As LVA's new educational coordinator, Mr. Parker, is well-qualified. Not only does he have hands-on experience in teaching but he offers a solid grounding in academic knowledge. He is an adjunct professor of education at the University of the District of Columbia Community College and at Johns Hopkins University in Baltimore.
Mr. Parker is developing a curriculum for LVA that can better aid learners in their efforts to master basic literacy skills. He believes that it is important to develop a unified curriculum that will help learners and instructors to build upon new found skills and knowledge.
Mr. Parker has seen many learners -- in public school and now at LVA -- improve their skills. He is pleased to see that LVA tutors, instructors, and learners possess the passion and desire to improve reading skills which are vital elements needed to achieve success.
Tutoring and teaching are more than just "jobs" to Mr. Parker.
"For as long as I can remember I have been passionate about education," recalls Mr. Parker, who held tutoring positions in college. He also helped establish a tutoring organization that paired students with children of impoverished backgrounds.

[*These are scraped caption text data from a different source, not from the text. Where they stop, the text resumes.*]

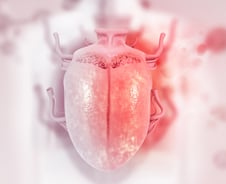 "혀 절반 절제할 수도"…구내염인 줄 알았더니 '이 암'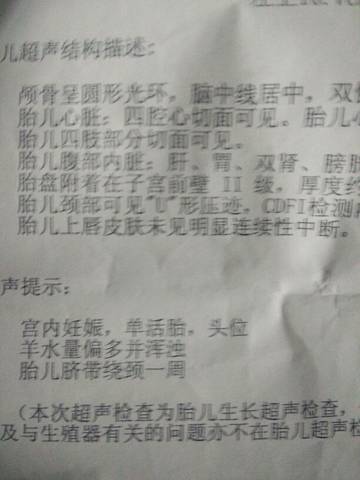 journal_insert_pic_680216178
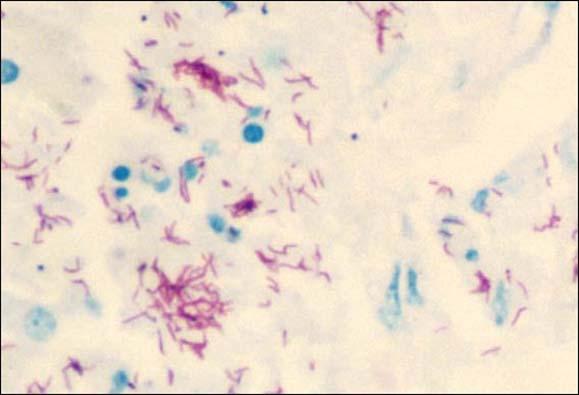 发现与形态 结核病的病原菌的发现 : 德国细菌学家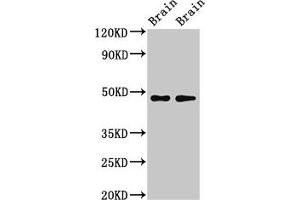 Western Blot Positive WB detected in: Rat brain tissue, Mouse brain tissue All lanes: CRHR2 antibody at 3 μg/mL Secondary Goat polyclonal to rabbit IgG at 1/50000 dilution Predicted band size: 48, 51, 47, 45, 43 kDa Observed band size: 34 kDa (CRHR2 antibody  (AA 20-108))
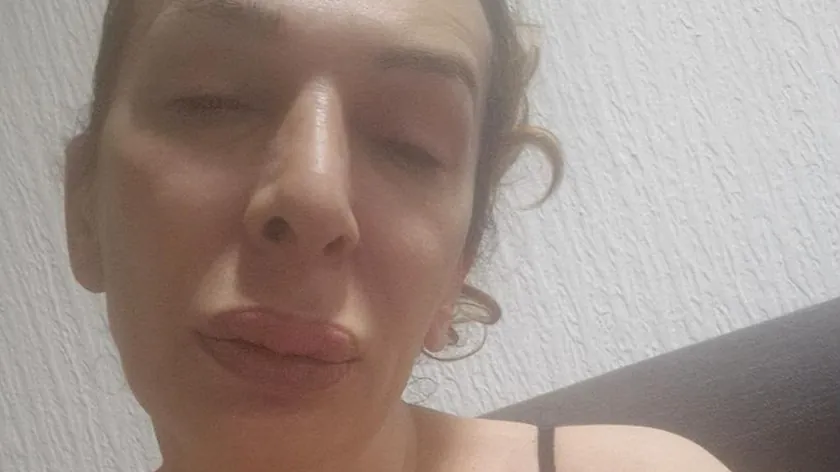 Sırp şarkıcısı Nataşa Maza yardım istediyor Evsiz kaldım, 5 gün yemek yemedim.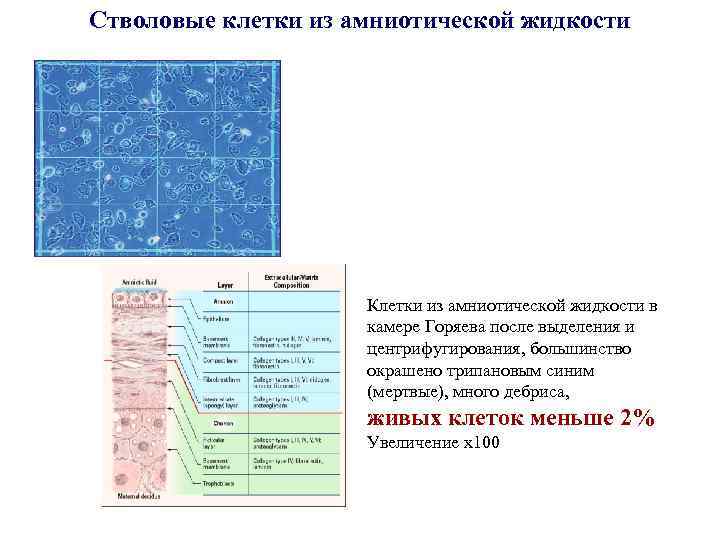 Стволовые клетки из амниотической жидкости Клетки из амниотической жидкости в камере Горяева после выделения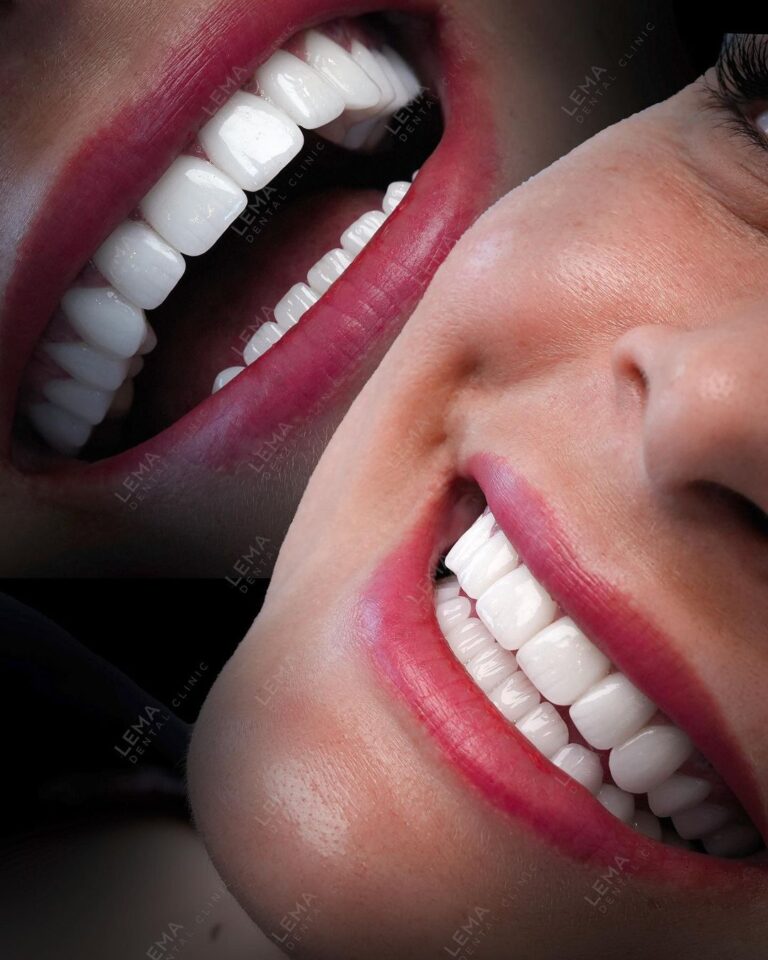 diş beyazlatma tedavisi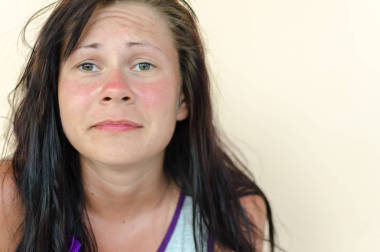 晒伤女性脸图片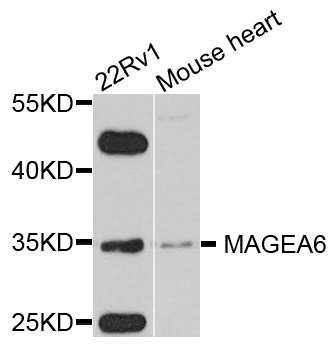 MAGEA6 Antibody - Western blot blot of extract of various cells, using MAGEA6 antibody.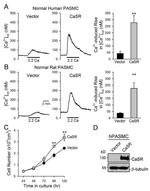 Calcium Sensing Receptor Antibody in Western Blot (WB)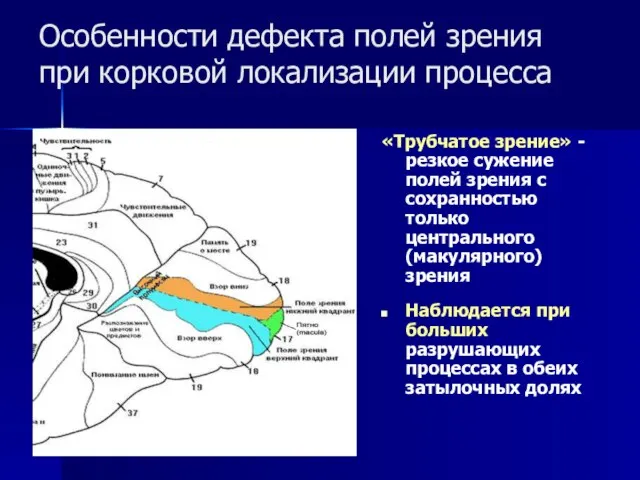 Особенности дефекта полей зрения при корковой локализации процесса «Трубчатое зрение» - резкое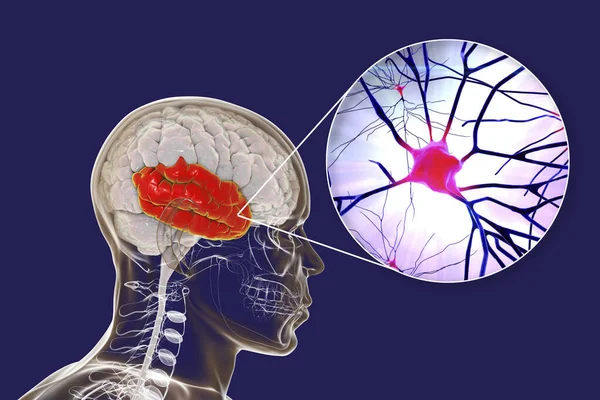 Cerebro Humano Con Lóbulo Temporal Resaltado Vista Cerca Las Neuronas —  Fotos de Stock
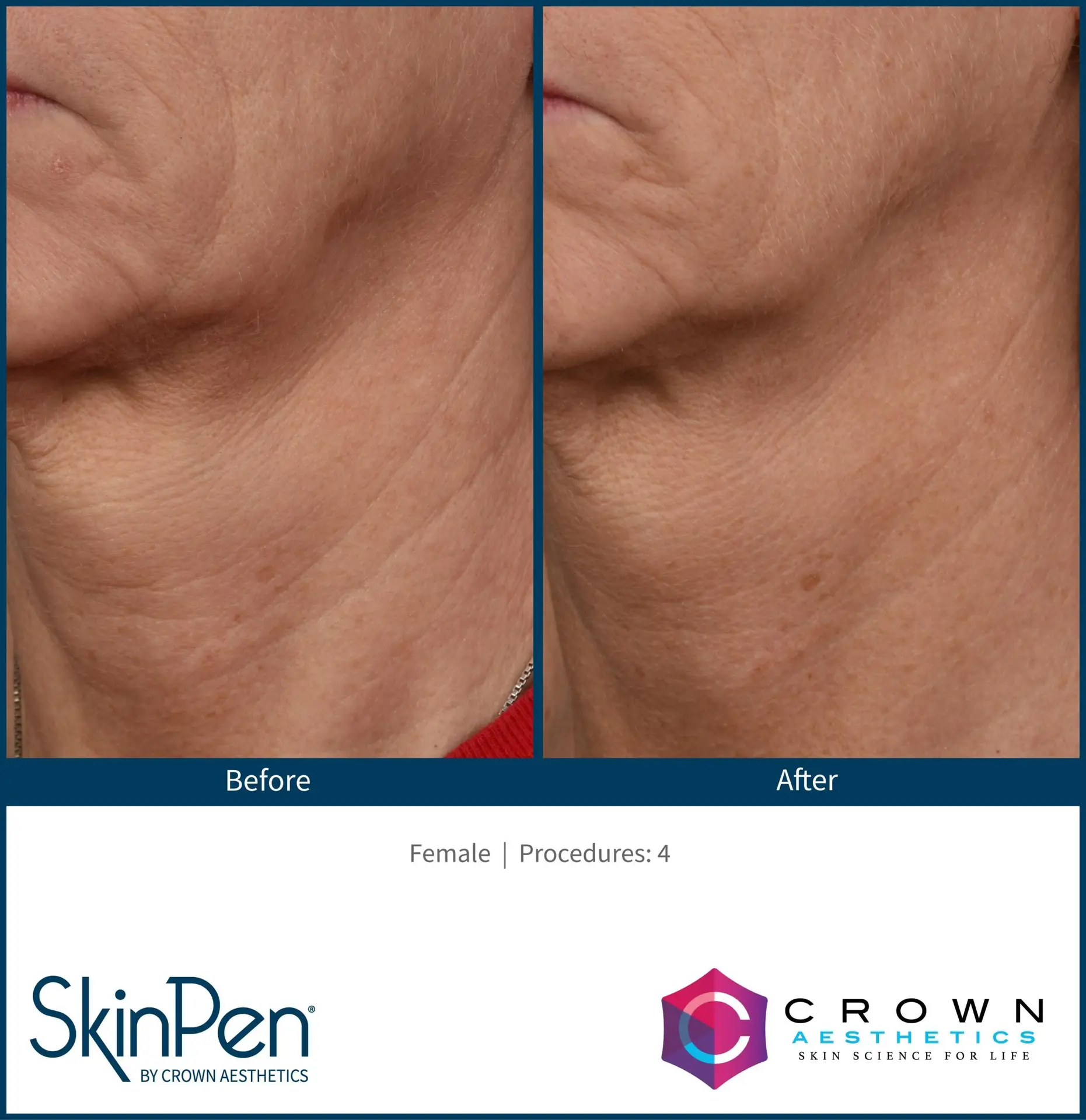 SkinPen® Microneedling 4 Beautique Medical Spa BA-SkinPen-FLAW_001_neck_vertical_RGB_300dpi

It was as a fourth grade teacher that Mr. Parker came to understand just how truly damaging the lack of basic literacy skills could be to young children.
"When I was a classroom teacher and administrator in the public school system here in DC, it really saddened me to encounter students who were unable to read," he recalls.
As a fourth grade teacher in SE DC, he says many of the students had been pushed through the system without having the skills necessary to succeed. Many of the students he encountered in elementary school were reading at least two to three grade levels behind.
Public school systems in DC and other places are striving to improve their ability to serve students whose background and lack of skills put them at an initial disadvantage. Yet, too many of these students have left school with sub-standard literacy skills which leaves them at a huge disadvantage in DC's demanding job market and in trying to raise their families.
That's why Mr. Parker sees LVA's mission as being about social justice as much as it is about literacy. More than ever, the two are increasingly intertwined.
"Adult literacy and adult education are of the utmost importance. It is one of the keys to moving significant numbers of people out of poverty. Without the ability to read, write, and compute these adults are relegated to living below the poverty level."